By Madina Toure
Two Fresh Meadows residents and two Oakland Gardens residents have been arrested and charged in connection with trademark counterfeiting following the seizure of fake Apple electronic goods that had recently arrived from China, according to the Queens district attorney.
The defendants have been identified as Min Jian Hu, 28, and Jonathan Zhou, 23, both of Fresh Meadows, and Dahun Wie, 21, and Huanchao Li, both of Oakland Gardens, Queens DA Richard Brown said.
“The defendants are accused of running an underground business that catered to wholesale and retail buyers who were interested in purchasing counterfeit products of major brands for resale,” Brown said.
They were released on their own recognizance and ordered to return to court May 3. Hu was ordered to surrender his passport, Brown continued. If convicted, they each face up to 15 years in prison.
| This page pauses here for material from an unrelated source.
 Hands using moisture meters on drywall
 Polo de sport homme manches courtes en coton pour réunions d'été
A U.S. Customs and Border agent inspected a package addressed to Hu on Feb. 28. The package is alleged to have contained 850 Powerbeats headphone boxes, 1,500 Beats By Dre and Beats Pill stereo boxes and 300 logo caps, all of which were found to be fake, according to Brown.
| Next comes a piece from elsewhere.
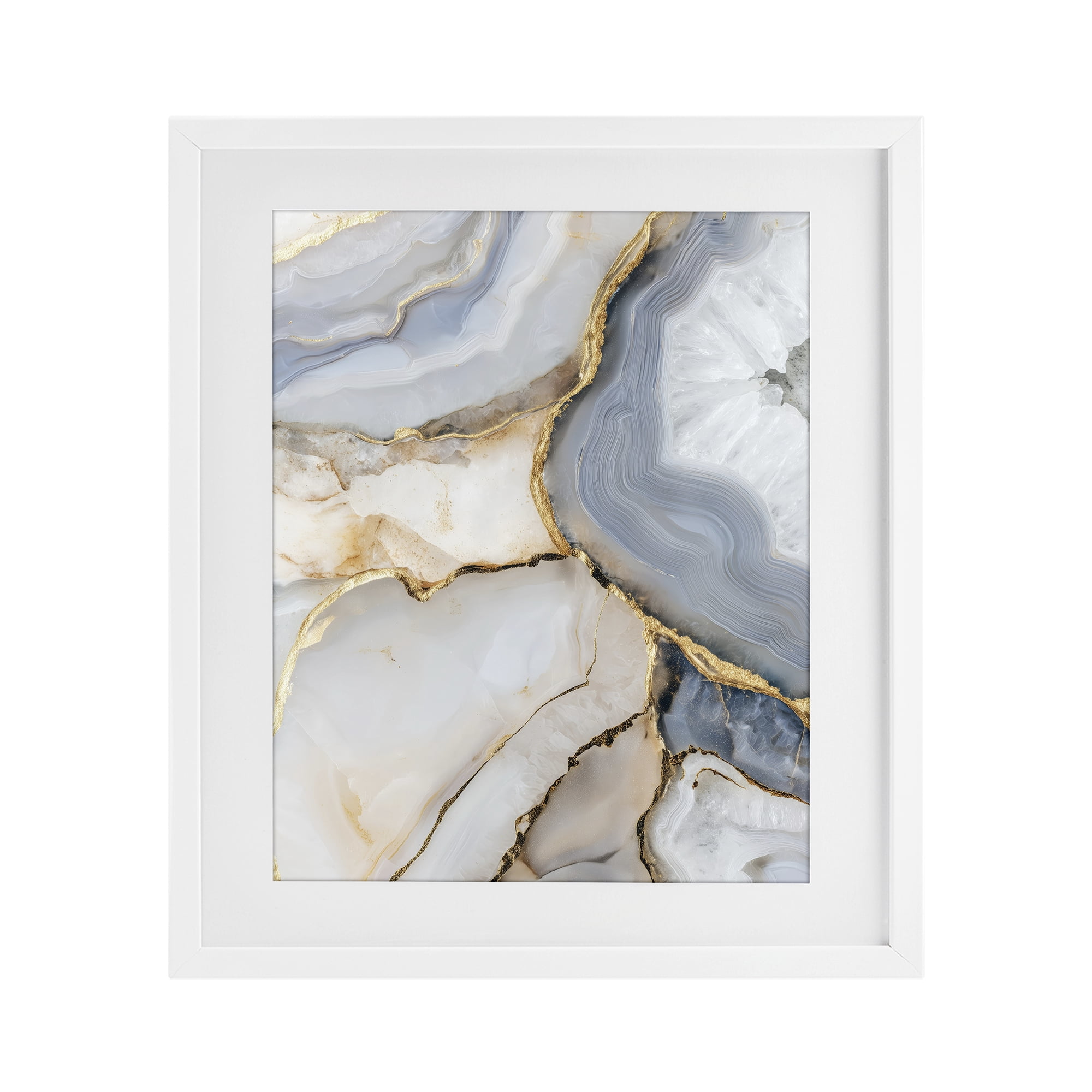 Stupell Industries White And Gray Geode White Framed Print Under Glass, design by Svetlana Aleynikova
Earlier this month, Wie sold an undercover NYPD detective 10 pairs of Beats By Dre earbuds, five Beats By Dre speakers and five Beats By Dre headphones for $420 to Hu’s Paypal account, Brown said.
Four days later, the detective met Wie gain and bought 10 Beats Pill speakers, 10 Mini-Beats pill speakers and two Apple Watches for $160 to Hu’s PayPal account and $180 in cash to Wie, the DA said.
The afternoon of March 9, members of the NYPD, Customs and Border Protection and Allegiance Protection Group, a private investigation and security firm, conducted a partial inspection of a shipping container at the Port Newark Container Terminal, addressed to Hu, Brown continued.
The container had numerous boxes containing phony Apple watches and generic headphones, earbuds and speakers, Brown said.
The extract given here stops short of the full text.